Fenomena ini memunculkan pertanyaan besar di kalangan investor mengenai strategi apa yang sedang dijalankan oleh para pemodal global. Meskipun secara agregat terjadi aliran dana keluar dari pasar saham domestik, terdapat anomali yang sangat mencolok pada beberapa saham unggulan. Investor asing terpantau melakukan aksi akumulasi atau "borong" secara diam-diam pada saham-saham dengan kapitalisasi pasar besar, yakni PT Bank Central Asia Tbk (BBCA) dan PT Chandra Asri Pacific Tbk (TPIA).

IHSG Tunjukkan Resiliensi di Tengah Tekanan Arus Modal Keluar

Penutupan IHSG yang bergerak di zona hijau memberikan sinyal positif mengenai resiliensi pasar modal Indonesia. Penguatan sebesar 0,69 persen ini menunjukkan bahwa kekuatan beli dari investor domestik masih sangat solid dalam menahan tekanan jual dari investor asing. Pasar seolah mencoba membuktikan bahwa fundamental ekonomi nasional masih mampu menjadi daya tarik, meskipun terdapat volatilitas di pasar global yang memicu aksi ambil untung atau profit taking oleh investor asing.

Secara teknikal, penguatan ini membawa IHSG bergerak menjauh dari level psikologis tertentu, memberikan ruang napas bagi para pelaku pasar untuk melakukan reposisi portofolio. Namun, para analis mengingatkan bahwa penguatan yang didorong oleh kekuatan domestik tanpa dukungan penuh dari aliran modal asing perlu disikapi dengan kewaspadaan terhadap potensi koreksi jangka pendek jika tekanan net sell asing terus berlanjut secara masif.

Anomali Strategi Investor Asing: Fenomena Selective Buying

Salah satu poin paling menarik dari data perdagangan 6 Juli 2026 adalah terjadinya fenomena selective buying. Walaupun catatan transaksi menunjukkan investor asing keluar dari pasar Indonesia secara total, mereka tidak melakukan penjualan secara merata di seluruh sektor. Sebaliknya, mereka tampak sangat selektif dalam memilih instrumen investasi yang dianggap memiliki prospek paling cerah atau paling aman di tengah ketidakpastian.

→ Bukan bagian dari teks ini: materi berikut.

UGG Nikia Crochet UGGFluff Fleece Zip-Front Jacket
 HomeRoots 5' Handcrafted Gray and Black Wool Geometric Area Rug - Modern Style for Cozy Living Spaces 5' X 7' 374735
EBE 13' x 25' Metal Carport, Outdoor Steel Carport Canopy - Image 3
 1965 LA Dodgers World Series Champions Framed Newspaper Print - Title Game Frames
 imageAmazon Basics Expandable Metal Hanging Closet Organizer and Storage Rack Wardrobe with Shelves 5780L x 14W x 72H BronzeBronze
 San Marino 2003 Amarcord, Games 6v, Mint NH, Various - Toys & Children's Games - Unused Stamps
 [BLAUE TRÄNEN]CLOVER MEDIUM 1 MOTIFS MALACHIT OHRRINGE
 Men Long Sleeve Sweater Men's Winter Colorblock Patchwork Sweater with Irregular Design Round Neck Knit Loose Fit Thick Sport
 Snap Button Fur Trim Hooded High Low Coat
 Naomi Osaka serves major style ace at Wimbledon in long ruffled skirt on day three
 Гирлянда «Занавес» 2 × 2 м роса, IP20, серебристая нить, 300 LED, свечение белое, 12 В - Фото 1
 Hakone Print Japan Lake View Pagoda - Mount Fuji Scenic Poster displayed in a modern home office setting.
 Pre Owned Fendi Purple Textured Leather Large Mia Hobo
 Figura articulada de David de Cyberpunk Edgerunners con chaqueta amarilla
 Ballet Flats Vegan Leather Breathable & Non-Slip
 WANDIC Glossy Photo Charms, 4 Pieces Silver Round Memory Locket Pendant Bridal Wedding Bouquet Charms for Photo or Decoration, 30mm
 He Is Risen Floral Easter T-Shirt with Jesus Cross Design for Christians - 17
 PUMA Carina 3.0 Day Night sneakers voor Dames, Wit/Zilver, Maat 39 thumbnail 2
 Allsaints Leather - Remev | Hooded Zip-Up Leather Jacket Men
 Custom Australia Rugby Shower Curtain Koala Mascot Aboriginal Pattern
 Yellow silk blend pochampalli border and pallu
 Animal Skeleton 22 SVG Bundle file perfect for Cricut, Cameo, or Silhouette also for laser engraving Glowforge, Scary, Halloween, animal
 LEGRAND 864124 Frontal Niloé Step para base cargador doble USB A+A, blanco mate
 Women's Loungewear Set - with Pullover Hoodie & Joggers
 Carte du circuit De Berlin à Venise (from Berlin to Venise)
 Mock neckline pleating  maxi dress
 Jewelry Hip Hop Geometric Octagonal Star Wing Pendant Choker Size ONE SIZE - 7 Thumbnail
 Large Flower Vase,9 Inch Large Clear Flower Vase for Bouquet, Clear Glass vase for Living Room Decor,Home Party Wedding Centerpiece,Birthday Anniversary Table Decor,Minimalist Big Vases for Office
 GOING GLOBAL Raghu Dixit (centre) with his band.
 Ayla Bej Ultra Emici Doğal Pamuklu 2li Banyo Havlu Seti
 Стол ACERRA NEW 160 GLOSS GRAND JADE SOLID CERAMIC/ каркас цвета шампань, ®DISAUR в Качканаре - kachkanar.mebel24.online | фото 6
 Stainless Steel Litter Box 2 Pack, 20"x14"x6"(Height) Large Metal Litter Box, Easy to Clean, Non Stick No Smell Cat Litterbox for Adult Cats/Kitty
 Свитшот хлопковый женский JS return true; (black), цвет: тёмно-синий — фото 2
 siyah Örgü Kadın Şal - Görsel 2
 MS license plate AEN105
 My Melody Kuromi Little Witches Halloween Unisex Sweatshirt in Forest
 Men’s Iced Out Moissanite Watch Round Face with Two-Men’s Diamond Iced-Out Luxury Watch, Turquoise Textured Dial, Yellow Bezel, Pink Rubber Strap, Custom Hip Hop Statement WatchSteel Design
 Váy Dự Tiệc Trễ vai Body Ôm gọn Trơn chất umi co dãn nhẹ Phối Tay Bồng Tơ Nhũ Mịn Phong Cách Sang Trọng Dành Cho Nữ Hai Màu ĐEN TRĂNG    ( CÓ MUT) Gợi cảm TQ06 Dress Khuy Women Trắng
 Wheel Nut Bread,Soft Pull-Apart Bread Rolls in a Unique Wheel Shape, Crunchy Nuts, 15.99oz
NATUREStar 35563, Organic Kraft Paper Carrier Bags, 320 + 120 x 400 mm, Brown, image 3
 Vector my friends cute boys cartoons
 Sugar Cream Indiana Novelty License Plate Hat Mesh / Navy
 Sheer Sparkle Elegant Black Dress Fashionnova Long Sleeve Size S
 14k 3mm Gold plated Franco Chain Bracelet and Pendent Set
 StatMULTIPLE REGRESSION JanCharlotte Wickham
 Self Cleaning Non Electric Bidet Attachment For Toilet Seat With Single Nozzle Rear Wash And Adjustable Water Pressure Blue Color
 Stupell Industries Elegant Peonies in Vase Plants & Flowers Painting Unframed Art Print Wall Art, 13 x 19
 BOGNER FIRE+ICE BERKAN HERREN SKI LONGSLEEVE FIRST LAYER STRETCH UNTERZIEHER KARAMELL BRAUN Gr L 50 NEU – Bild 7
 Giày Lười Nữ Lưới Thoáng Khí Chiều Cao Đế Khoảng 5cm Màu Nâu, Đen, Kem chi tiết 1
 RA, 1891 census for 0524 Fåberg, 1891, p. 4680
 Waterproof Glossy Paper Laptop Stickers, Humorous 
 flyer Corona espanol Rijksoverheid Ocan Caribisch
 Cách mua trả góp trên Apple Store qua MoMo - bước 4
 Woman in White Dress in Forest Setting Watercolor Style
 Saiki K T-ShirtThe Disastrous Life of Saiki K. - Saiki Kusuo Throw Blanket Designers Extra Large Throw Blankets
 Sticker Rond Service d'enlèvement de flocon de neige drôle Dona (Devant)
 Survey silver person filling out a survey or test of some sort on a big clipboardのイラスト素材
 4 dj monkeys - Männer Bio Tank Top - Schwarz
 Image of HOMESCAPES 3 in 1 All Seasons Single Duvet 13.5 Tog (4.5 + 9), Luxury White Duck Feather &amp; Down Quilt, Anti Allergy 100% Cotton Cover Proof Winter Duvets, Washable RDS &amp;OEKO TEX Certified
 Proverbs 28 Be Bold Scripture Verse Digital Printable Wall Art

Aksi "borong diam-diam" ini sering kali dilakukan oleh institusi besar untuk menghindari lonjakan harga yang terlalu drastis sebelum mereka berhasil mengumpulkan jumlah lot yang diinginkan. Strategi ini mencerminkan bahwa investor asing sebenarnya masih melihat peluang emas di Indonesia, namun mereka memilih untuk hanya menempatkan modal pada saham-saham yang dianggap memiliki fundamental paling tangguh atau memiliki narasi pertumbuhan yang kuat.

Bedah Saham BBCA: Magnet Keamanan di Sektor Perbankan

PT Bank Central Asia Tbk (BBCA) kembali mengukuhkan posisinya sebagai primadona di mata investor asing. Di tengah aksi jual asing di saham-saham perbankan lainnya, BBCA justru menjadi salah satu target akumulasi utama. Sebagai saham dengan kapitalisasi pasar terbesar di Bursa Efek Indonesia (BEI), pergerakan BBCA memiliki korelasi yang sangat kuat terhadap arah gerak IHSG.